Man wähnt sich manchmal im Bauerntheater, allerdings in einem Bauerntheater, das mit dem Leibregiment und den Chevaulegers in den Krieg gezogen ist. Allerdings breitet sich auch der Leberknödel-Chauvinismus in dem Kriegsbüchl aus.

Am Schluss stehen ein paar Gedichte wie etwa das "Infanteristengsangl", das mit der Strophe beginnt: "Der Hauptmann gibt uns die Gewehr'/ Die krachens laut, und gehen los / Bummbumm / Adjes, adjes, Mushej Franzos."

So heiter schrieb man damals über den Krieg, so durch und durch reaktionär und weißblau unmenschlich wurden die ehedem sympathischen Bauerndichter Georg Queri oder Ludwig Thoma.

Ernst Piper: Nacht über Europa

Der aus München stammende Historiker Ernst Piper zeichnet in seinem umfangreichen, aber durchaus sehr gut lesbaren Buch die Kulturgeschichte des Ersten Weltkriegs nach.

Er schreibt nicht nur über die Kriegsgeneration der Schriftsteller, Maler und Lyriker, von denen viele zunächst begeistert waren, bevor das Grauen diese Begeisterung zunichtemachte.

Piper widmet sich auch jenen Mythen, die damals (und zum Teil bis heute) die Wahrnehmung des Krieges prägten: die Hunnen, also die Deutschen, und ihr Verhalten in Belgien zu Kriegsbeginn; die Feindbilder, die gepflegt wurden; die Rolle jüdischer Soldaten auf beiden Seiten angesichts eines verbreiteten Antisemitismus.

Das Buch ist ein umfassender Überblick über Geist und Ungeist der Kriegsjahre.

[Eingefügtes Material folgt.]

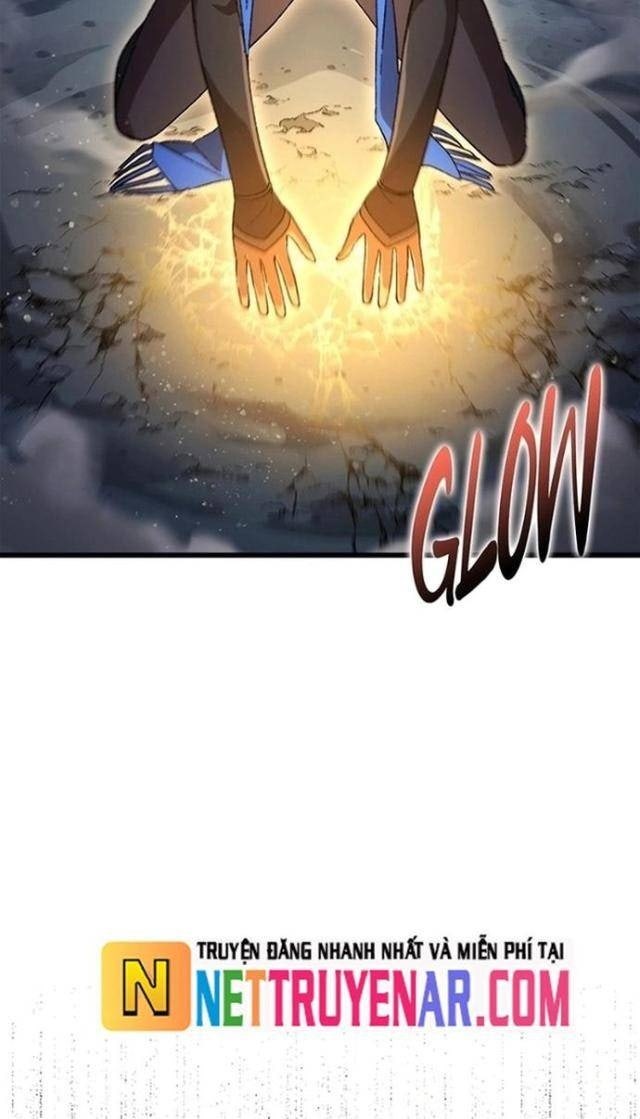Sự Trở Lại Của Giáo Sư Runebound - Page 36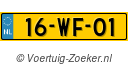 16WF01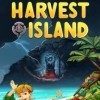 Лучшие игры Казуальная - Harvest Island (топ: 1k)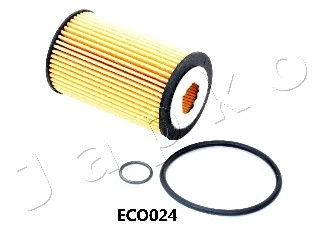 Oil Filter (1ECO024)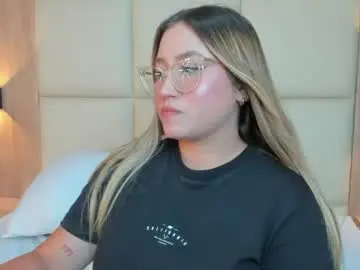 Antonella_cutie_  live sex cam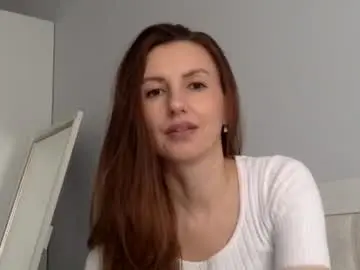 Chaturbate Live Sex of orvaline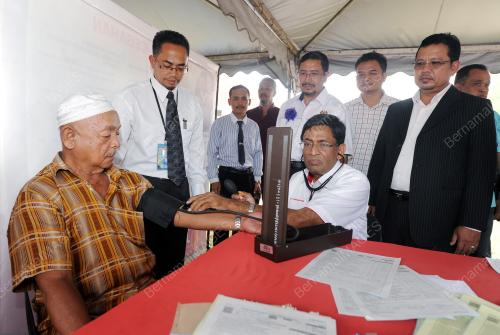 KB01_23092014_TERBUKA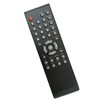 UBay New Proscan Curtis Replacement TV Remote Fit for PLED4274A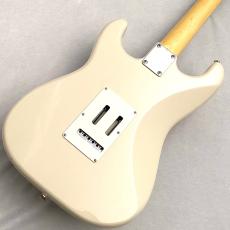 FUJIGEN NST110RAL -Vintage White- #E250055 【3.52kg】_7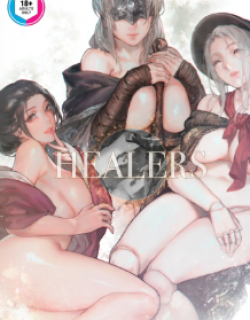 Healers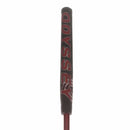 Odyssey White Hot Versa 3T Mens Right Hand Putter 34.5" Mid-Mallet Stroke Lab 70 - Odyssey Oversize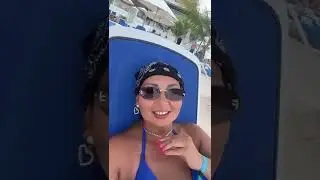 ОАЭ, Рас-эль-Хайма, Hampton by Hilton Marjan Island 4* (питание нравится), 22.07.24 - 31.07.24.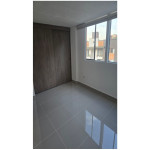 Apartamento en Venta en Envigado - Camino Verde, Envigado — miniatura 12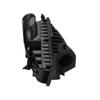 Air Filter Housing for 2014 Land Rover Range Rover 3.0L Petrol Sport - LR036431/LR036428 Compatible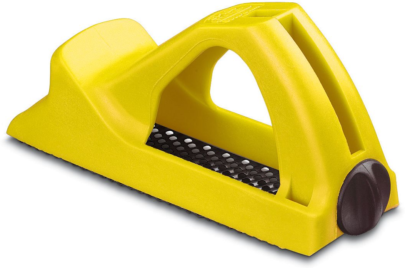 STANLEY turpija Surform rende 155 mm - 1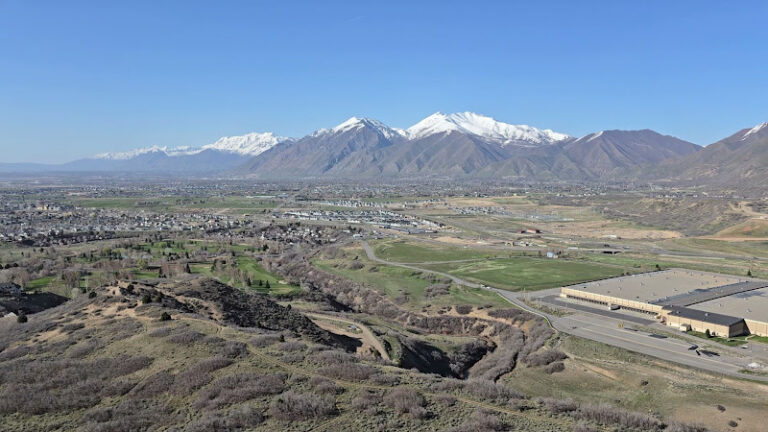 spanish fork gun club 1 768x432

Es ist in diesem Sinne auch eine erfrischend unakademisch geschriebene Geschichte jener Kultur, deren Protagonisten 1914 jubelten und 1916 verzweifelten.

Olaf Jessen: Verdun 1916

Der Begriff "Verdun" war in der ersten Hälfte des 20. Jahrhunderts in Frankreich und Deutschland das, was für die Deutschen nach 1943 "Stalingrad" bedeutete: eine Vernichtungsschlacht, in der Hunderttausende um des Durchhaltens willen zugrunde gingen (hier mehr dazu).

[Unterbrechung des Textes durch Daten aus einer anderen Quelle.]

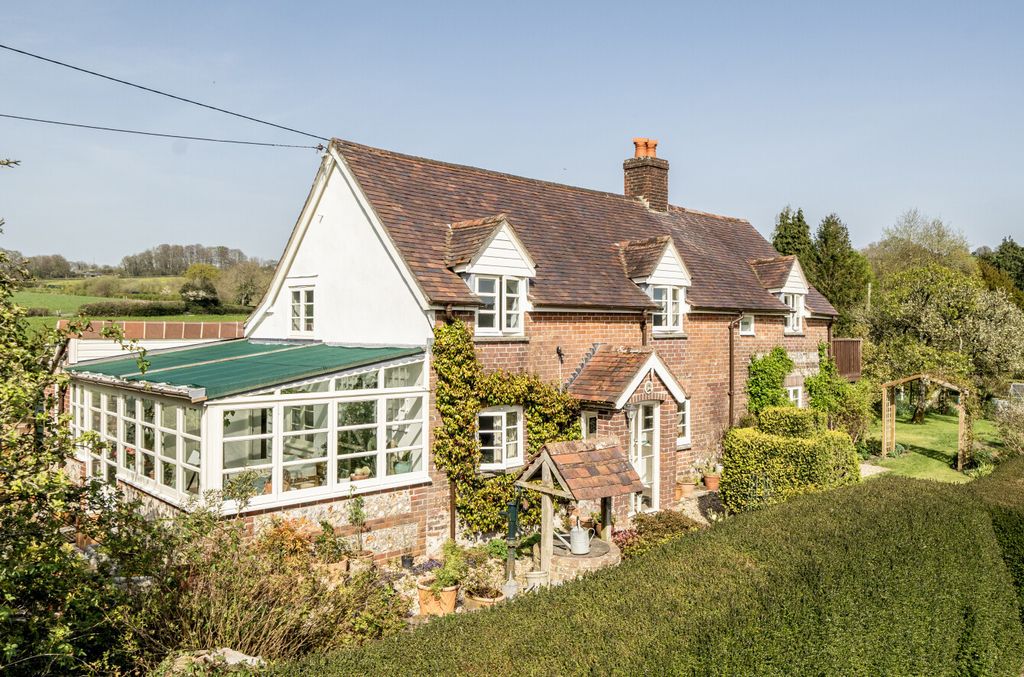 Property photo 1 of 31 1437467-7-69d68c9...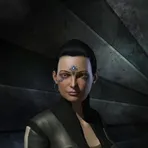 Ashoka Geras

Jessen hat nun gewissermaßen eine Biografie dieser Schlacht geschrieben, die glücklicherweise mehr ist als nur Militärgeschichtsschreibung für die ohnehin Interessierten.

In dem Buch wird nicht nur deutlich, was "Materialschlacht" bedeutet, sondern man hat nach seiner Lektüre auch ein anderes Gefühl dafür, auf welch blutigem Grund sich die deutsch-französischen Beziehungen entwickelt haben. Verdun war die Schlacht um des Schlachtens willen, für das so schreckliche Bezeichnungen wie "Weißbluten" oder "Blutmühle" benutzt wurden.

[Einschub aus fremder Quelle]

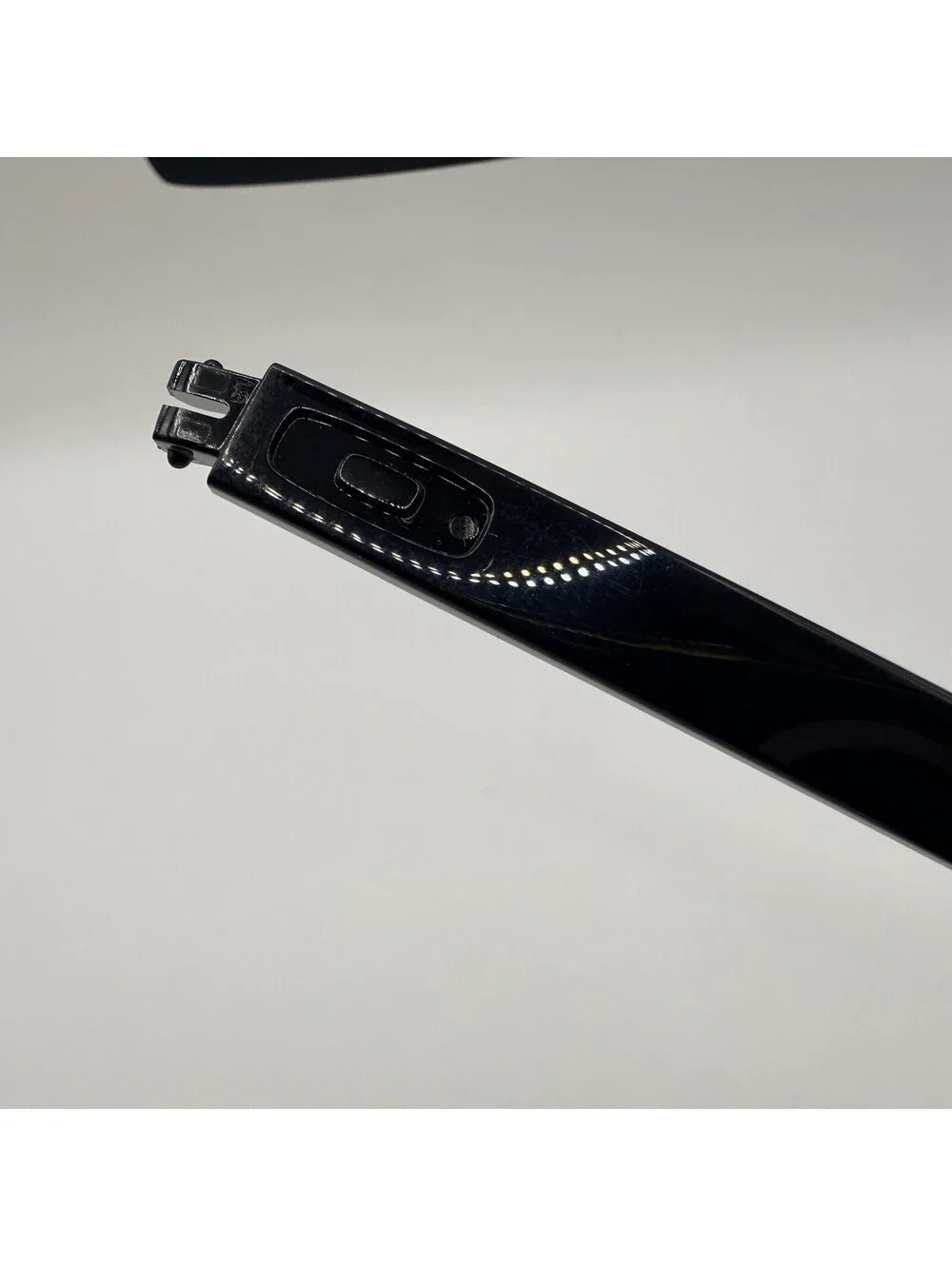 Oakley Holbrook Replacement Left Arm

Der Autor hat den Fehler vermieden, zu sehr wie ein Generalstäbler zu schreiben. Er erzählt die schreckliche Geschichte von Verdun und er tut dies auf beeindruckende, manchmal beklemmende Weise.

Christopher Clark: Die Schlafwandler

Über Clarks Buch ist in den vergangenen Monaten so viel geschrieben und gesagt worden wie über kein anderes Buch, das sich mit dem Ersten Weltkrieg auseinandersetzt. Dies hat damit zu tun, dass es in Deutschland die alte Kontroverse wiederbelebt hat, wer "schuld" am Weltkrieg sei.

Dabei ist Clarks Buch alles andere als die Antithese zur Fritz-Fischer-Schule, die auch nur unter anderem auf die Kriegszielpolitik des wilhelminischen Deutschlands hingewiesen hat.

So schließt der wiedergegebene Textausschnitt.